MBA Students Advise Wal-Mart on Greening Supply Chain in Case Challenge

Ten teams of Berkeley MBA students were challenged this month to play an advisory role in what could be the world’s most far-reaching corporate sustainability initiative: Wal-Mart’s efforts to green its massive supply chain.

The second annual Leading for Impact Challenge, held Nov. 9 at Haas, featured a case that centered on Wal-Mart’s well-publicized partnership with the Environmental Defense Fund (EDF) to implement a sustainability index for its suppliers, who account for 90 percent of its environmental impact and serve more than 10,000 stores in 27 different countries.

The competition was sponsored by the Haas chapter of Net Impact, an international nonprofit that focuses on leadership for environmental and social responsibility.  The goal of the competition this year was to tackle a real-world problem, says Will Hewes, MBA 13, who co-organized the event with Katie DeWitt, MBA 12.

“This is the first year that we held a ‘live action’ case competition where we’ll be actually delivering the results to Wal-Mart and EDF to inform their work,” says Hewes, who, through a Walmart Fellowship sponsored by the Center for Responsible Business, traveled to Bentonville, Ark., with DeWitt for a meeting with Wal-Mart buyers in preparation for the case and an ongoing project with the company. “I think these insights will be used, and at the very least start some conversations and send Wal-Mart and EDF down some new paths.”

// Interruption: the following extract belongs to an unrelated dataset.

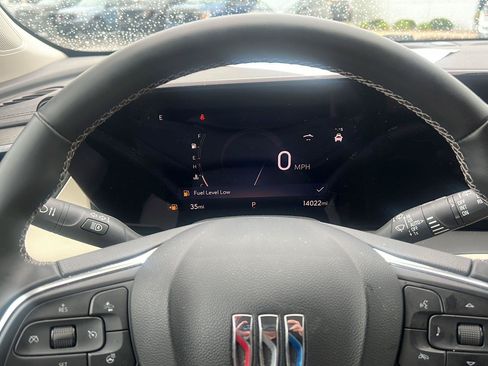 Used 2024 Buick Encore GX Avenir w/ Avenir Technology Package AWD/4WD image 17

The winning team included Laura Tilghman, Vietlong Le, Yonathan Shiran, and Eliza Rosenbaum, all MBA 14, who took home $500 for their day’s work. Students were asked to focus on the specific issues faced by Wal-Mart's dairy buyers—high-level managers who make multimillion-dollar decisions about the products that will end up in stores. The buyers are charged with rolling out the sustainability index in a complex industry that includes significant environmental challenges and layers of intermediary businesses.

Shiran said his team took a practical approach to the case, evaluating changes on an impact-versus-feasibility matrix. "The main thing we learned is that even problems that seem huge at first, such as ‘making Wal-Mart's supply chain greener,’ can be tackled efficiently if broken down to smaller, more digestible problems," Shiran says.

Judges included leaders from Wal-Mart and the Environmental Defense Fund;  Jo Mackness, executive director of the Center for Responsible Business; Nora Silver, director of the Center for Nonprofit and Public Leadership; and Tony Kingsbury, former director of the Haas Sustainable Products and Solutions Program and now a consultant focusing on sustainable chemistry.